Mark: And that group like a rolling stone, gathered more artists.
Chris: I met David in 2007 at the Edinburgh Fringe. Everyone thought David was an arse apart from me. But yeah, met David up there, we drank together a few times and then I met Mark and we made Too Loud.
Mark: Yeah Too Loud which we eventually made in to a short film and took to Cannes. It was a Samuel Becket almost Pinter-esque play about two men not walking their dogs.
Fred: Mark and I met through mutual friends then he slept on my couch for a few months.
Mark: Mike and I met at the Lost Theatre Festival in about 2006. I saw him on the tube and thought ‘he looks like he’s going the same place I’m going’.
Mike: Wearing a suit on a Saturday. A suit, long hair and a cravat, you thought ‘he’s a theatre prick’.
Mark: I suppose what really brought us all together was Tin Can Podcast. We wrote and recorded 100 plays in 2 years between 5 and 15 minutes long. David, Chris, Mike, Matt, pretty much everyone in Guardian’s featured heavily. They were mostly comedy, some dramatic sketches. Quite a lot of the sketches we turned in to short films that went on to success like Beard and Ballad of the Lonely Highwayman, which can be found on the Tin Can Podcast 2010 YouTube channel.

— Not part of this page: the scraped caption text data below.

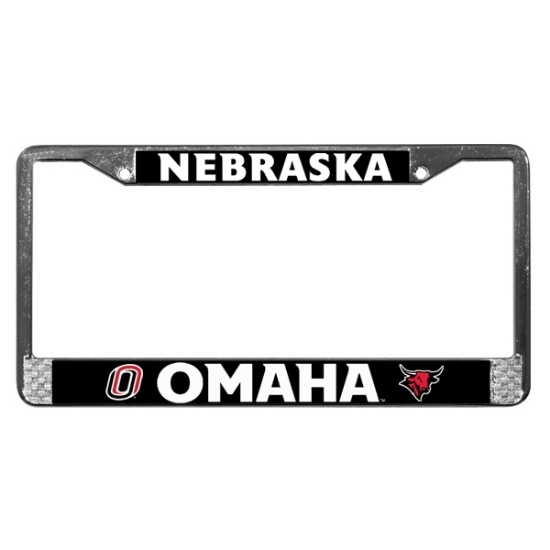 Picture of UNO Premium Metal License Plate Frame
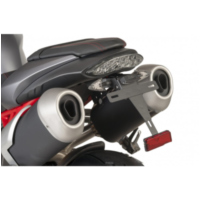 Licence plate holder puig 8730N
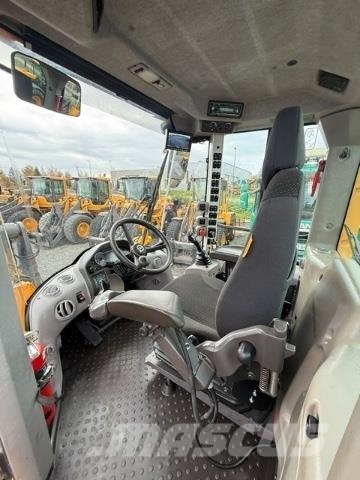 Volvo L90H Mini homlokrakodók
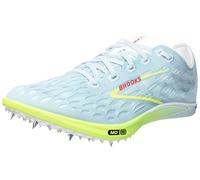 Brooks 1000431D467 ELMN8 7 Sneaker Unisex Blaues Glühen/Nachtleben/Rot EU 44.5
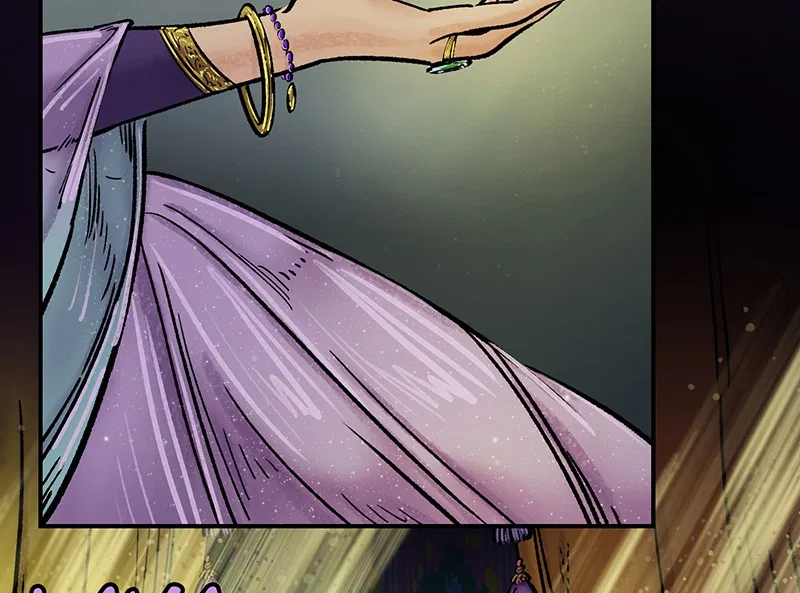 The Witch and The Bull Chapter 5 – Page 84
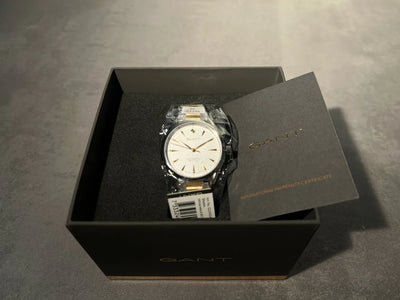 Gant Sharon G129004 – White Women’s Watch - Original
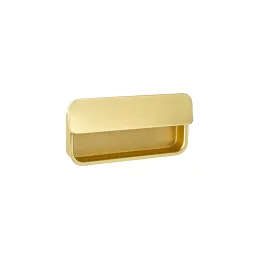 Maniglia da incasso RAMONA / Oro spazzolato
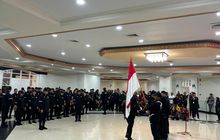 Kontingen Indonesia untuk Olimpiade Paris 2024 Resmi dikukuhkan oleh Menpora Dito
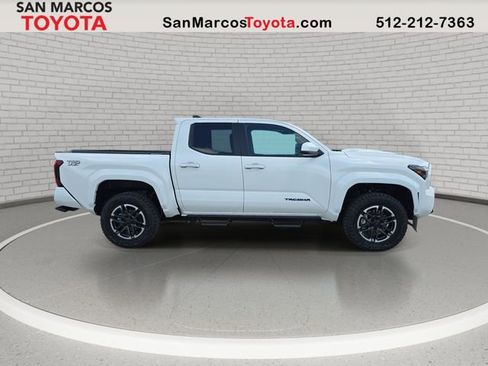New 2026 Toyota Tacoma TRD Sport AWD/4WD image 4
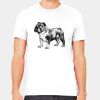 Unisex Jersey Short-Sleeve T-Shirt Bella+Canvas Thumbnail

You’ve all known each other for some time and worked with each other on lots of projects and that closeness really comes across in the film. Tell us about Guardian’s in your own words.
David: In theatrical terms you could describe it as a chamber piece, in that it mainly happens all in one setting, which is Marks house, and its mainly about the crucible of what happens in the house.
Mark: Yeah, two men are thrown together through the guardianship housing scheme. They’re both lonely and troubled but in very different ways, and they manage to get themselves in to a spot of bother, all within the history and backdrop of East London. It’s a comedy about being lonely in London which I think a lot of people can relate to. It’s a sad story that is surprisingly funny.
The film is very East London centric, where did the inspiration to focus on the East come from?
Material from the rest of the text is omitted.